YOUR ASSIGNMENT =>
Transcribe the following records in full, exactly as shown.

(INFORMATION SHOWN Opens)

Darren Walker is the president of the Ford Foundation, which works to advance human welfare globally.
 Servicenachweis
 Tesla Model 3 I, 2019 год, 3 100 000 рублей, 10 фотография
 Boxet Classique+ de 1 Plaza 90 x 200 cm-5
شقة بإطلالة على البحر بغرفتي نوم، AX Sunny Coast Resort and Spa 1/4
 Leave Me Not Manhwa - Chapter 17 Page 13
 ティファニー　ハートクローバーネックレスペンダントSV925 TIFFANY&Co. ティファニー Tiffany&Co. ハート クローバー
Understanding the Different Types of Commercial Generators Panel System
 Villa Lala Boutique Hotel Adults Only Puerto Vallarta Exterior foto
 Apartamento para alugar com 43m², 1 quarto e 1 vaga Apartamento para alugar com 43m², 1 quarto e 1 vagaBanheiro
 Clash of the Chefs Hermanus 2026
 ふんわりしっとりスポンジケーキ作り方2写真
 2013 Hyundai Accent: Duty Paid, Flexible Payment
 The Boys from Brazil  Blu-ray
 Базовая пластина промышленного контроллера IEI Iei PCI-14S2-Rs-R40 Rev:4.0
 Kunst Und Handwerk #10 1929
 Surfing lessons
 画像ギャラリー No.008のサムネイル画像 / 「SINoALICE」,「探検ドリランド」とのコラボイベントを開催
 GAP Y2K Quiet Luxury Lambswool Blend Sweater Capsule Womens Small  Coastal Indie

(INFORMATION SHOWN Closes)

RESULT =>
Darren Walker is the president of the Ford Foundation, which works to advance human welfare globally.
 Servicenachweis
 Tesla Model 3 I, 2019 год, 3 100 000 рублей, 10 фотография
 Boxet Classique+ de 1 Plaza 90 x 200 cm-5
شقة بإطلالة على البحر بغرفتي نوم، AX Sunny Coast Resort and Spa 1/4
 Leave Me Not Manhwa - Chapter 17 Page 13
 ティファニー　ハートクローバーネックレスペンダントSV925 TIFFANY&Co. ティファニー Tiffany&Co. ハート クローバー
Understanding the Different Types of Commercial Generators Panel System
 Villa Lala Boutique Hotel Adults Only Puerto Vallarta Exterior foto
 Apartamento para alugar com 43m², 1 quarto e 1 vaga Apartamento para alugar com 43m², 1 quarto e 1 vagaBanheiro
 Clash of the Chefs Hermanus 2026
 ふんわりしっとりスポンジケーキ作り方2写真
 2013 Hyundai Accent: Duty Paid, Flexible Payment
 The Boys from Brazil  Blu-ray
 Базовая пластина промышленного контроллера IEI Iei PCI-14S2-Rs-R40 Rev:4.0
 Kunst Und Handwerk #10 1929
 Surfing lessons
 画像ギャラリー No.008のサムネイル画像 / 「SINoALICE」,「探検ドリランド」とのコラボイベントを開催
 GAP Y2K Quiet Luxury Lambswool Blend Sweater Capsule Womens Small  Coastal Indie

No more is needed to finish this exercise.